Politica

Parrini, ecco l'uomo che dà i numeri a Renzi

Sconosciuto ai più, è il padre della legge elettorale toscana. Ora punta al bis con l'Italicum per prendersi il Paese

Dario Parrini, deputato e segretario toscano del Pd, sindaco di Vinci fino al 2013
Dario Parrini, deputato e segretario toscano del Pd, sindaco di Vinci fino al 2013

Il nuovo Italicum bipartitista, fondamentale grimaldello per il renziano «Partito della nazione», è ancora in stand-by.

Per sbloccarlo, ha spiegato ieri il premier ai vertici Pd convocati a Palazzo Chigi, bisogna passare per un nuovo incontro con Silvio Berlusconi che non si terrà prima della prossima settimana.

Ma il Pd renziano è convinto che la battaglia decisiva sia ormai alle porte: quella grazie alla quale il Pd reciderebbe definitivamente il cordone ombelicale con la tradizione Pci-Dc e anche la politica italiana si rimescolerebbe da cima a fondo. Un Pd trasformato in «Big Tent», è l'immagine (mutuata dal Partito democratico di Lyndon Johnson e dal New Labour di Blair)che usa Dario Parrini, renziano toscano della primissima ora e uno dei teorici del salto bipartitista e post-ideologico del Pd. «Era quel che doveva essere il Pd originale, quello della vocazione maggioritaria uccisa in culla da Bersani e D'Alema», spiegava martedì intervistato da Huffington Post . «In politica, una “grande tenda”, o partito “piglia-tutto”, è un partito politico il cui obiettivo è attrarre persone con diversi punti di vista in modo da rendersi appetibile a più elettori». Senza «rigidità ideologica», ma basato «sull'inclusione di diverse ideologie e punti di vista nello stesso partito». Tutte cose che Parrini, insieme a Enrico Morando, Giorgio Tonini e Antonio Funiciello aveva già scritto nell'«Agenda per Renzi» delle primarie 2013.

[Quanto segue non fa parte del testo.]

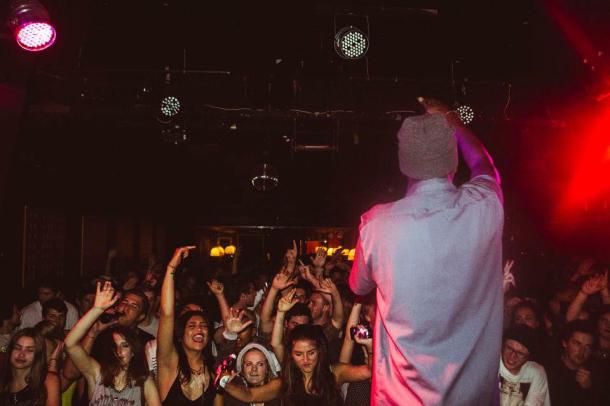 2758_10151411939543191_169784683_n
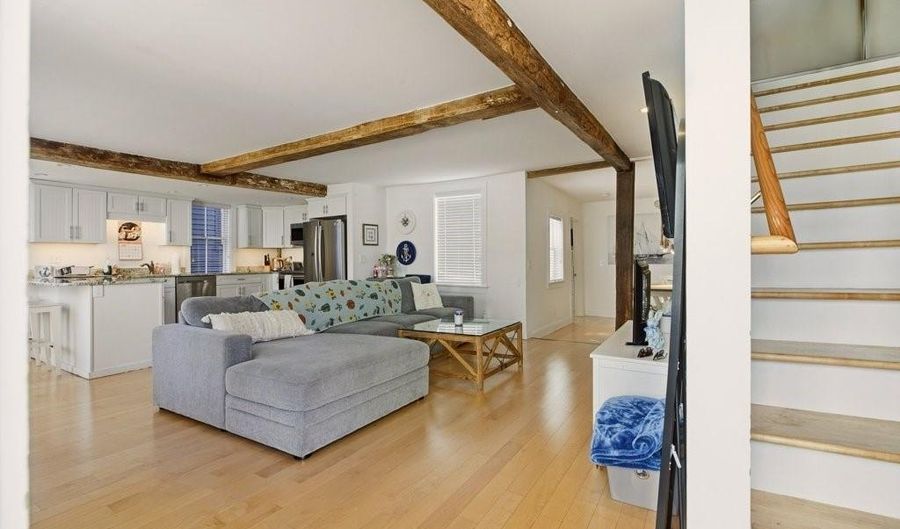 5 Division St, Newport, RI 02840 - 4 Beds, 3 Bath
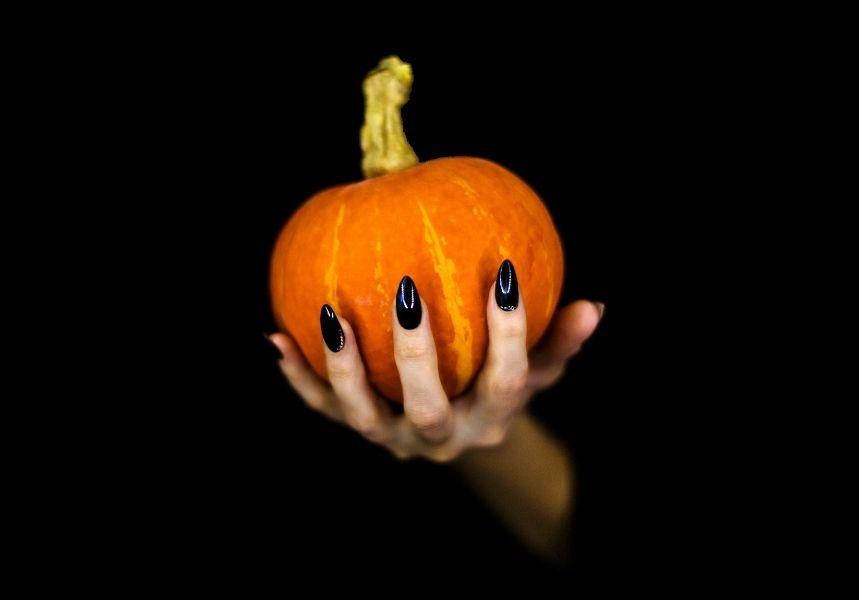 Get spooktacular nails this October | Semilac Shop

Parrini è parlamentare ma anche segretario del Pd toscano. Molti lo avrebbero voluto candidato governatore della regione renziana, ma lui - dopo un decennio da sindaco di Vinci, la città di Leonardo - preferisce la politica nazionale ed ha accolto di buon grado il patto Rossi-Nardella benedetto dal premier. È lui il “babbo” del Toscanellum, la legge elettorale regionale recentemente approvata (con l'accordo di Fi) che prevede ballottaggio sotto il 40 per cento, premio di maggioranza e mix di preferenze e listini bloccati. Insomma una sorta di precursore dell'Italicum renziano.

Parrini viene dalla tradizione Ds, tendenza liberal. E infatti, conoscendo bene i suoi polli, non perde occasione per sfottere la sinistra Pd. «Cuperlo scredita la vocazione maggioritaria come “trasversalità senz'anima”. Rimpiange forse la “unilateralità senza voti”?», si chiedeva ieri su Twitter. A luglio irrideva gli scatenati senatori dissidenti del Pd: «Sono al Senato e credono di essere spartani alle Termopili. E non ci sono né Leonida né Serse». Con il conterraneo Vannino Chiti, leader della fronda anti-riforma, era spietato: «Chiti si paragona agli assediati di Fort Alamo. Lui sarebbe Davy Crockett, come nei film di John Wayne, ma non si capisce chi sarebbero i messicani». Ma il vero pallino di Dario Parrini è fare le pulci ad Eugenio Scalfari: ogni domenica si mette lì con santa pazienza a compulsarne le articolesse e poi spara. Tanto che renziani doc ormai non leggono più Scalfari, ma solo le controdeduzioni di Parrini su Facebook. «Mai lette tante inesattezze sui sistemi elettorali come nell'editoriale di oggi di Scalfari», twittava il 6 luglio, e giù un elenco di imprecisioni. Il 17 agosto tornava all'attacco: «Continuano gli svarioni domenicali del mio concittadino onorario Scalfari. Più il suo antirenzismo diventa viscerale, più scema l'accuratezza degli articoli», e giù un'altra sfilza di errori da penna blu.

Alla fine si è arreso anche lui e il 13 settembre ha tirato le conclusioni: «Leggo l'ennesimo attacco livoroso di Scalfari a Renzi e mi sovviene Pavese e penso che editorialeggiare sfianca».